Content starts

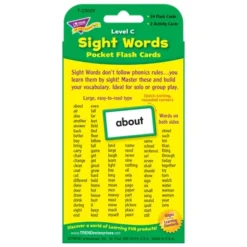 TREND Sight Words � Level C Pocket Flash Cards 7 TREND Sight Words � Level C Pocket Flash Cards -Toy Store GUEST 7b4b3e45 1917 492c 8881 d40bdf5d146a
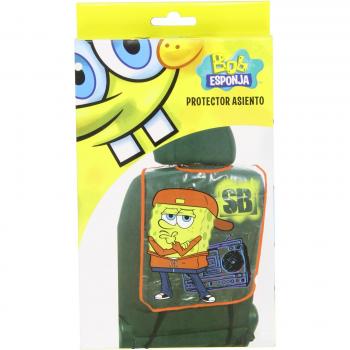 Bob Esponja BOB6031 Protector de Asiento Bob Pensativo, Color Rojo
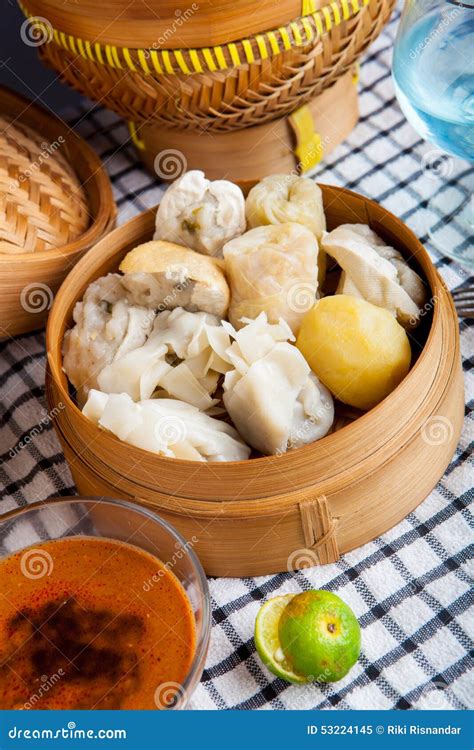 Indonesian Food Baso Tahu Bandung Stock Photo - Image: 53224145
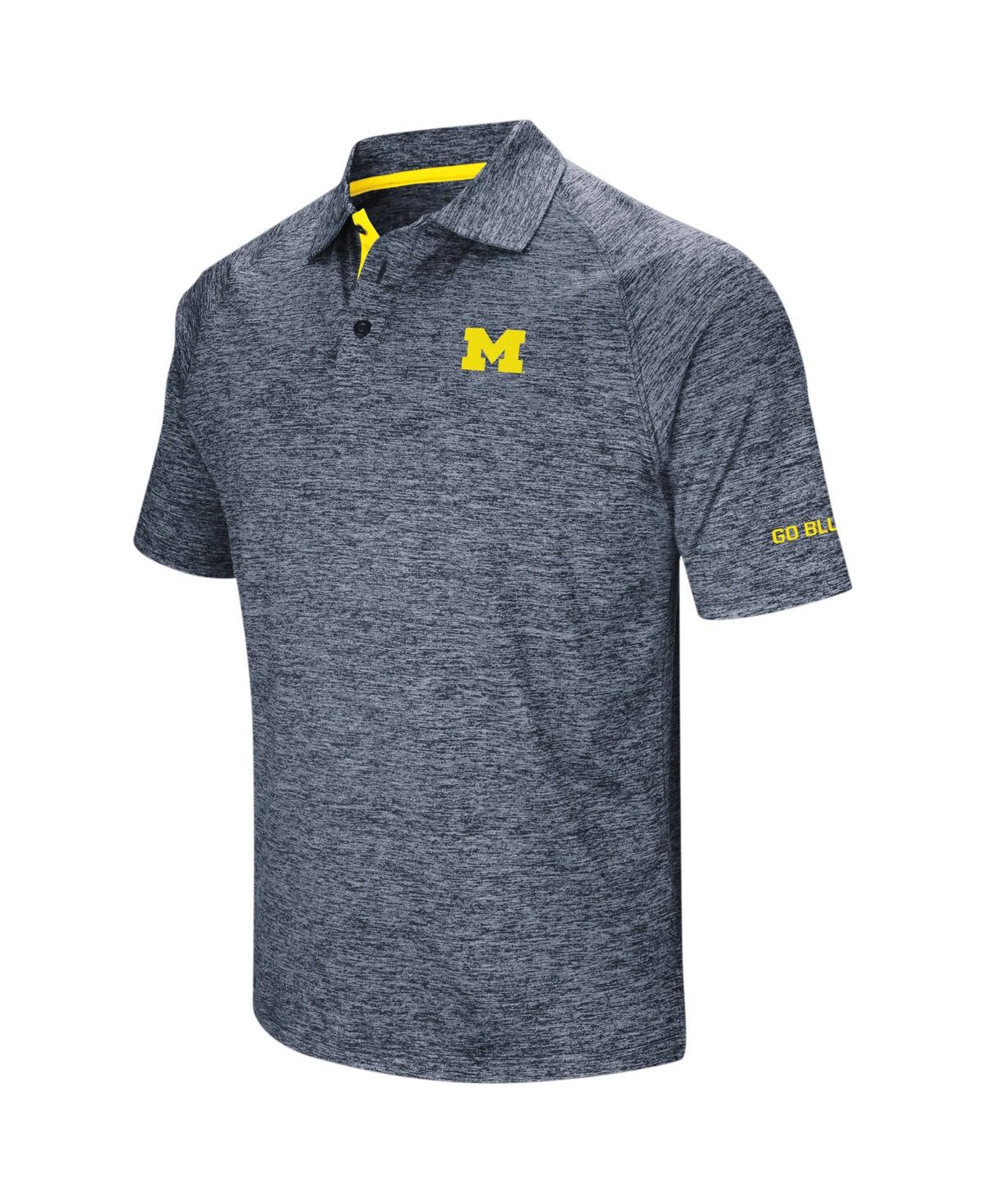 Men's ColosseumMichigan Wolverines Big and Tall Down Swing Polo Shirt - Navy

Content ends

* What needs to be done
Exclude the pictures. Write out the remaining data exactly.

* Response area
 TREND Sight Words � Level C Pocket Flash Cards 7 TREND Sight Words � Level C Pocket Flash Cards -Toy Store GUEST 7b4b3e45 1917 492c 8881 d40bdf5d146a
 Bob Esponja BOB6031 Protector de Asiento Bob Pensativo, Color Rojo
 Indonesian Food Baso Tahu Bandung Stock Photo - Image: 53224145
 Men's ColosseumMichigan Wolverines Big and Tall Down Swing Polo Shirt - Navy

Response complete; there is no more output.